Cycling around the wheel of time
by Mick Brown, The Telegraph, Jan 8, 2009
London, UK -- The lovely Victorian park which I visit most weekends is laid out in a roughly circular fashion. Entering by any one of the three gates you are faced with a choice - to turn left and follow the broad carriageway past the football pitches and rhododendron walk, or turn right and proceed past the tennis courts and children's playground, in either direction eventually completing the circle back where you started.
<< Mount Kailash: the most arduous circumambulation in the world
I always turn left, clockwise - indeed have always turned left for the 20 or more years I have been going there. But it's only recently, since I've started cycling rather than walking around the carriageway, that I've noticed that I'm going against the flow. The vast majority of people on entering the park, appear to have made the decision to turn right and proceed counterclockwise. Why is this?
The term 'clockwise' originally arises from the daily rotation of the earth. The first clocks were made in the northern hemisphere and followed the model of sundials, which measured the movement of the sun from east to south to west - so 'sun wise' became 'clockwise'.
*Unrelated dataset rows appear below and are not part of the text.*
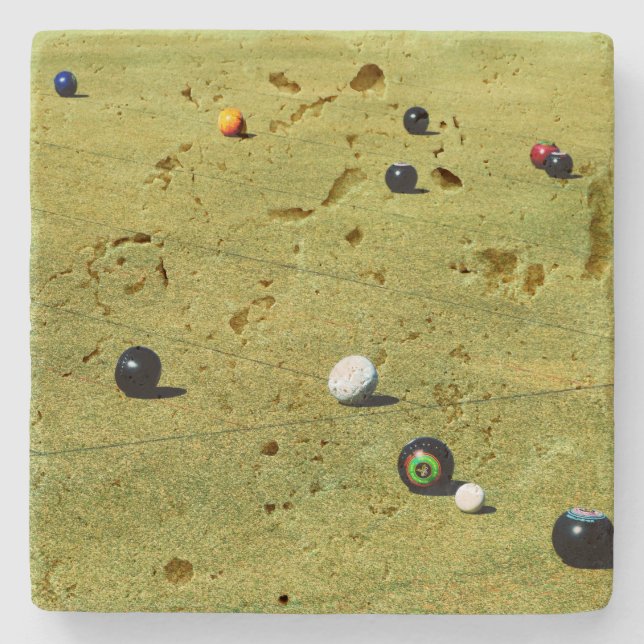 Lawn Bowls Game Action, Stone Coaster (Front)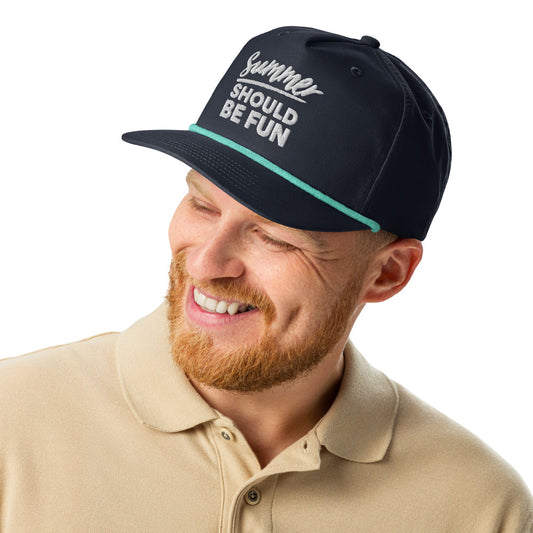 Summer House Summer Should Be Fun Embroidered Rope Cap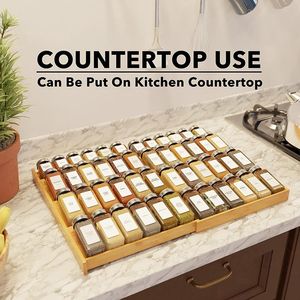 Organisateur de tiroir à épices extensible de luxe pour armoires de cuisine Organisateur de support à épices en bambou à 4 niveaux pour tiroir pour tiroirs profonds - Product Image 4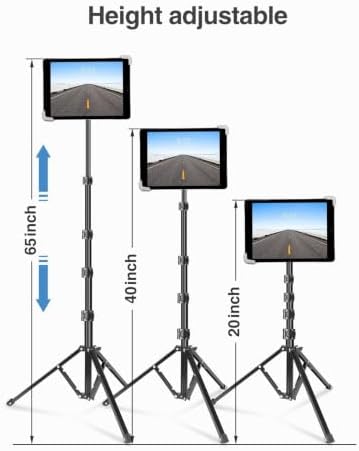 elitehood iPad Tripod Stand, Aluminum Alloy iPad Stand, 360 Rotation Adjustable Height iPad Stand Holder for Floor, Universal Compatible with All 7.9-11 Inch Tablet - Image 4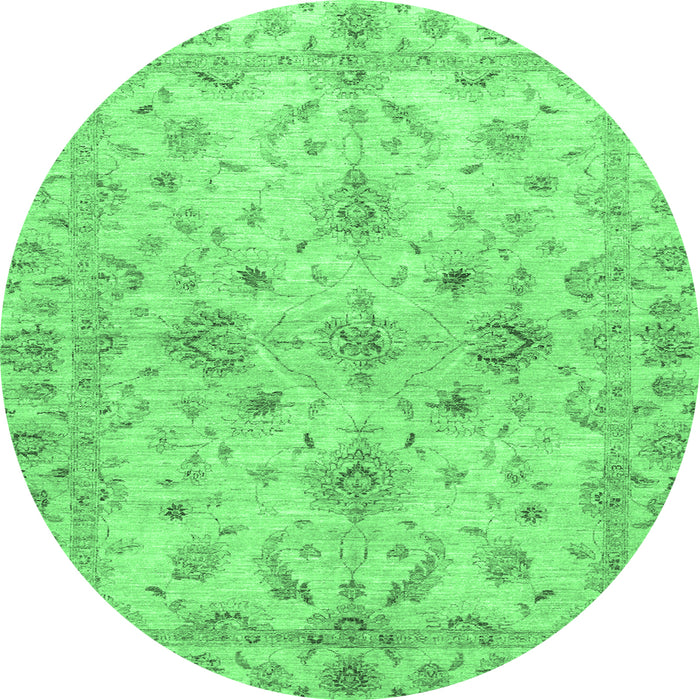 Round Oriental Emerald Green Traditional Rug, abs3009emgrn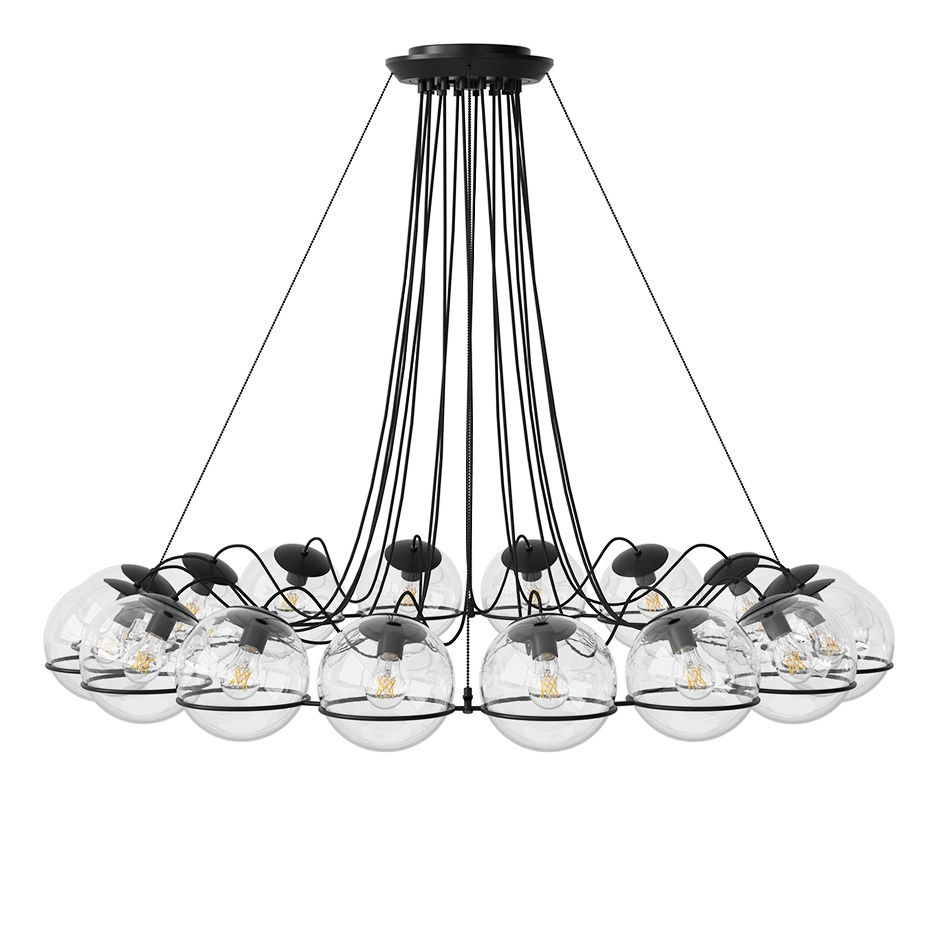 Model 2109/16/20 Ljuskrona Transparent Glass/Black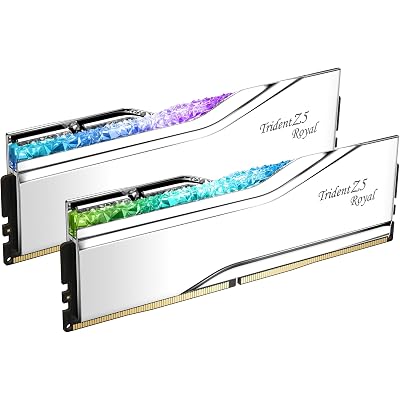 G.SKILL Trident Z5 Royal Series DDR5 RAM (Intel XMP 3.0) 64GB (2x32GB) 6400MT/s CL32-39-39-102 1.40V Desktop Computer Memory U-DIMM - Silver (F5-6400J3239G32GX2-TR5S)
Pilgrims to Mecca also circumambulate the Ka'bah counterclockwise when performing Tawaf. In a note on the matter on Islamonline.net, Sheikh M. S. Al-Munajjid, a Saudi Muslim lecturer and author, explains that this is following the example of the Prophet, but sadly gives no explanation as to why the Prophet chose that direction in the first place. Sheik Al-Munajjid also advises that circumambulation is an act specified only for the Ka'bah as part of worship and is not to be done in any other place or situation.
Hindus and Buddhists always circumambulate in a clockwise direction. This week at Buddhism's most holy shrine of Bodh Gaya, pilgrims are celebrating the Kagyu Monlam, a Tibetan Buddhist prayer festival, when each day tens of thousands of pilgrims circumambulate the Mahabodhi temple and the Bodhi tree where the Buddha is believed to have been sitting in a state of meditation when he attained enlightenment 2,500 years ago.
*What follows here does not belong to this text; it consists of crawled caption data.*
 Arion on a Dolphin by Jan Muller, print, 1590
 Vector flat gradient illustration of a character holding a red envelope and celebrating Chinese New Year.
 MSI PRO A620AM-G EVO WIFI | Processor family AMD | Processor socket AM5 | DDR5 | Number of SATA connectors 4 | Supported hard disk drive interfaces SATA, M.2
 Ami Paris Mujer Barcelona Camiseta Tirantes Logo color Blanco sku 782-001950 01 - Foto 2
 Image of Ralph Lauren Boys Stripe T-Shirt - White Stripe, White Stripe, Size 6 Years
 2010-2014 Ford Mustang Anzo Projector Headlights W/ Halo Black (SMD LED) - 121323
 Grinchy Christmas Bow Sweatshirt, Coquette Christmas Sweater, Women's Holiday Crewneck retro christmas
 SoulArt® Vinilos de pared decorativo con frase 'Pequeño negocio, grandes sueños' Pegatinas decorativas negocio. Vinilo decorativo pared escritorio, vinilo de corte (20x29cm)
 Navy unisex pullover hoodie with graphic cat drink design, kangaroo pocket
I was in Bodh Gaya for the Kagyu Monlam a few years ago, and one of my most vivid memories is of the informal ritual that takes place each day at dusk, when thousands of candles are handed to pilgrims, who place them carefully along their path, on stones, steps and the ledges and crevices of shrines, transforming the grounds of the temple into a vast sea of shimmering light.
Thinking of this prompted me to watch again Werner Herzog's haunting film about pilgrimage, Wheel of Time, which was filmed at Bodh Gaya during another Tibetan Buddhist ceremony, the Kalachakra Initiation, and at Mount Kailash, in Tibet. Kailash is one of the most sacred places on earth - venerated in Hinduism, Buddhism, Jainism and in the pre-Buddhist, shamanistic Tibetan religion of Bön. The trek around Mount Kailash is almost certainly the most arduous circumambulation in the world. Pilgrims must hike some 32 miles at altitudes of up to 19,000 feet and each year there are fatalities arising from altitude sickness.
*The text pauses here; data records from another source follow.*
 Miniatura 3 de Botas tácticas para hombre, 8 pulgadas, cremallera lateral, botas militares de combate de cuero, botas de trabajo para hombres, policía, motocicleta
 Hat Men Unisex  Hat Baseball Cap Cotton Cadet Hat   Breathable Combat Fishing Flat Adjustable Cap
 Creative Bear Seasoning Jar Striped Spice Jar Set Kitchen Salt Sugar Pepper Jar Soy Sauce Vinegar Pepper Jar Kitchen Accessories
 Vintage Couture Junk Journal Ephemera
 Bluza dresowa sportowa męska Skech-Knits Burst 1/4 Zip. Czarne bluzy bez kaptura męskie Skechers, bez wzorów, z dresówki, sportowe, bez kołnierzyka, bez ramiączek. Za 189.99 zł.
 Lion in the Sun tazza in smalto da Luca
There are extraordinary scenes in Wheel of Time of the long crocodile of Buddhist pilgrims, swathed in blankets, robes and coats, and sporting a weird and wonderful assortment of headgear, some with flags and prayerwheels in hand, others prostrating themselves full length, as they follow a route across the desolate rocky plain, under a yawning infinity of blue sky, towards the snow-topped mountain. Coming towards them, determinedly against the flow, are the Bonpo, who always circumambulate in a counter-clockwise direction.
My gentle excursion around the park hardly compares - as sparkling as the mornings have been recently. As to why I've turned left and am cycling clockwise, the answer has nothing to do with Christianity, Buddhism, Islam, Bon - or even the movement of the sun. It seems to be, quite simply, because I'm left handed. Something to do with dominant brain hemispheres, apparently.